Marie, 20 ans, étudiante : « Quand j’ai connu les distributions de la Croix-Rouge ça m’a apporté un certain réconfort »

Marie, 20 ans, étudiante : « Quand j’ai connu les distributions de la Croix-Rouge ça m’a apporté un certain réconfort »
Publié le 15/12/2021

A 20 ans, Marie est en deuxième année de sociologie à Tours. Elle doit subvenir seule à ses besoins, alors que sa situation est complexe puisqu’elle ne perçoit pas d’aide au logement et n’a pas réussi à trouver de job étudiant. C’est avec un emprunt bancaire qu’elle a dû débuter sa vie étudiante. « Au début du mois, j’ai 100 € en tout sur mon compte. Je garde 70 € pour la nourriture du mois, et 30 € pour les petits à-côtés. » Pour autant, Marie finit souvent à découvert dans le mois et ne parvient pas à se nourrir à sa faim. 

Une rencontre décisive avec les bénévoles de la Croix-Rouge 

Fin septembre 2020, Marie entend parler des distributions alimentaires alors qu’elle se trouve dans son université. Elle décide alors de se rendre au camion réfrigéré de l’épicerie solidaire Croix-Rouge qui se gare un mardi sur deux à côté de l’université, accompagnée d’une amie. Pour seulement 4€, elle repart avec un sac rempli de denrées alimentaires : des fruits, des légumes, des produits laitiers, de la viande ou encore de l’épicerie. « J’ai pu avoir accès à des produits que je ne pouvais pas acheter au supermarché ». 
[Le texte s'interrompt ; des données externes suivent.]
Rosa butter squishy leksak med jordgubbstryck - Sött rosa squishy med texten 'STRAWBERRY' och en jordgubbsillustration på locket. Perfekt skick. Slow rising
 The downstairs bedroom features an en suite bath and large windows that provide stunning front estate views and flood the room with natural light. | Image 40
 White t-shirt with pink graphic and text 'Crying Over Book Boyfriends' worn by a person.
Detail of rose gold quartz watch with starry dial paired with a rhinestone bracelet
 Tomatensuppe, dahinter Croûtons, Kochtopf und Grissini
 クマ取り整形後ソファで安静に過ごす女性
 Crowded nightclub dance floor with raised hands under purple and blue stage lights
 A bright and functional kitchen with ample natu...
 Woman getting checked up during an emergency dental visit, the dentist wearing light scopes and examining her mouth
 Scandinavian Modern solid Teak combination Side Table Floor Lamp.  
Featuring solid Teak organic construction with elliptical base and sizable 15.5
La distribution attire de nombreux étudiants comme Marie. Outre une aide alimentaire, elle y trouve aussi du soutien et parle de son quotidien, notamment avec Olivier, retraité depuis peu, qui dédie ses mardis à l’aide auprès des étudiants qui sont dans le même cas que Marie. 

« Ça nous a beaucoup apporté toute l’année »

Grâce à la relation de confiance qui s’est créée avec les bénévoles présents, elle finit par apporter son soutien durant la distribution : « On n’est pas tout seuls, on s’entraide comme on peut ». Elle a retrouvé un lien social important. « Les bénévoles étaient très agréables, avec une relation presque amicale ». 

Toute l’année, Marie a ainsi pu se préparer des repas sains, avec un budget « mieux réparti, (pour) pouvoir se faire un peu plus plaisir à côté ». 

Loin d’être “une solution de dernier recours”, Marie s’est sentie encouragée à se rendre à la Croix-Rouge. « Nous c’était un sentiment d’espoir et pas du tout de honte ».